Driven by increasing core count and decreasing mean-time-to-failure in supercomputers, HPC runtime systems must improve support for dynamic task-parallel execution and resilience to failures. The async-finish task model, adapted for distributed systems as the asynchronous partitioned global address space programming model, provides a simple way to decompose a computation into nested task groups, each managed by a `finish’ that signals the termination of all tasks within the group.

For distributed termination detection, maintaining a consistent view of task state across multiple unreliable processes requires additional book-keeping when creating or completing tasks and finish-scopes. Runtime systems which perform this book-keeping pessimistically, i.e. synchronously with task state changes, add a high communication overhead compared to non-resilient protocols. In this paper, we propose optimistic finish, the first message-optimal resilient termination detection protocol for the async-finish model.

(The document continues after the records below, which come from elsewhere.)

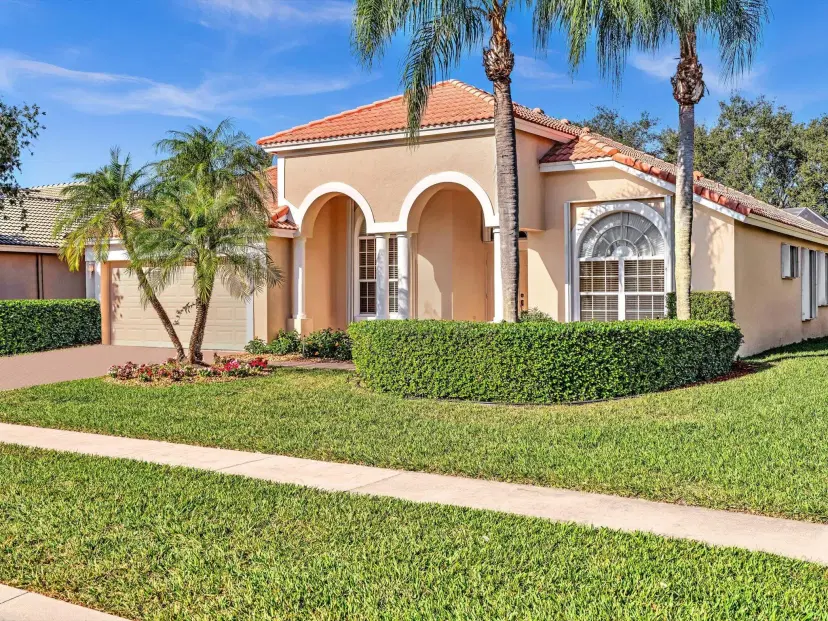 Picture of 8853 Georgetown Lane, Boynton Beach FL 33472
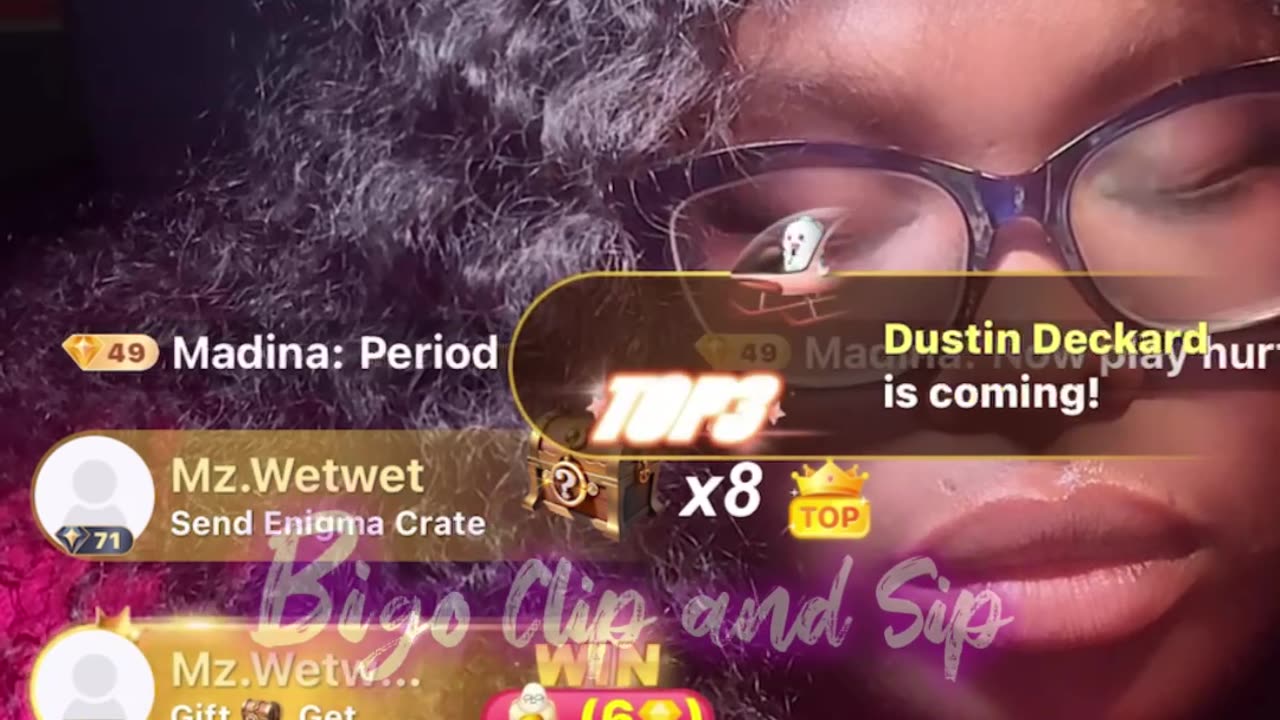 Moet talks to TKO about her n Papi linking in Cali 4/28/25 #bigoclipandsip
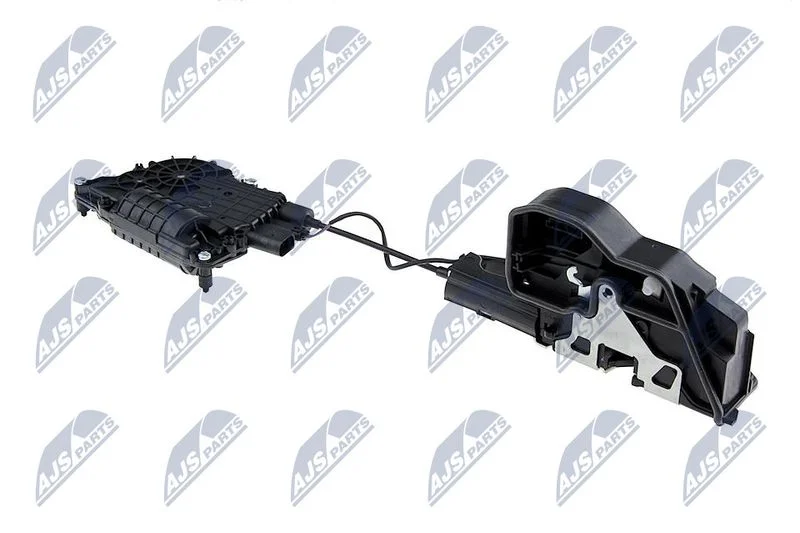 Zaklepanje vrat NTY EZC-BM-033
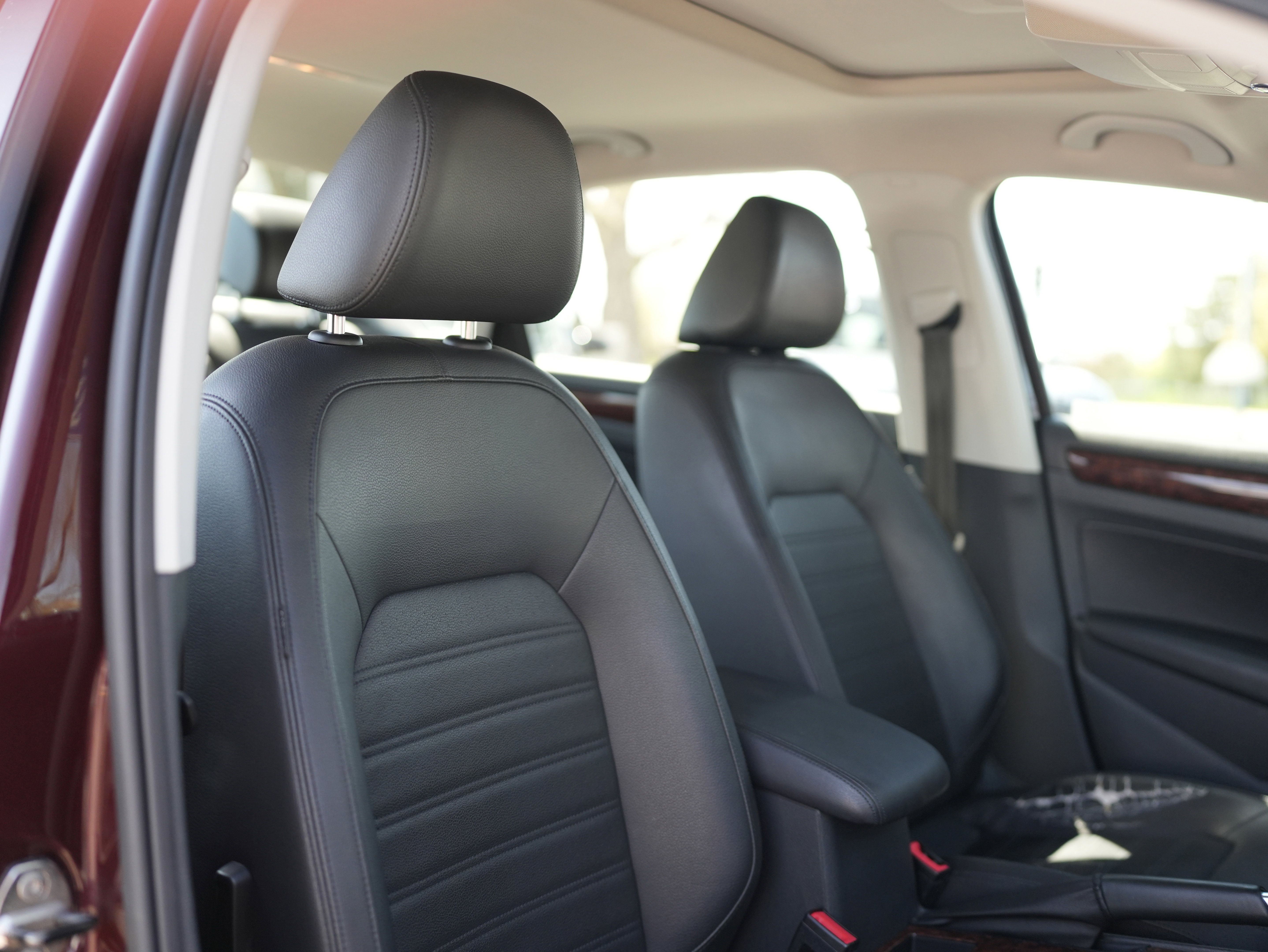 Used 2012 Volkswagen Passat 2.5 SEL image 23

By avoiding the communication of certain task and finish events, this protocol allows uncertainty about the global structure of the computation which can be resolved correctly at failure time, thereby reducing the overhead for failure-free execution.

Performance results using micro-benchmarks and the LULESH hydrodynamics proxy application show significant reductions in resilience overhead with optimistic finish compared to pessimistic finish. Our optimistic finish protocol is applicable to any task-based runtime system offering automatic termination detection for dynamic graphs of non-migratable tasks.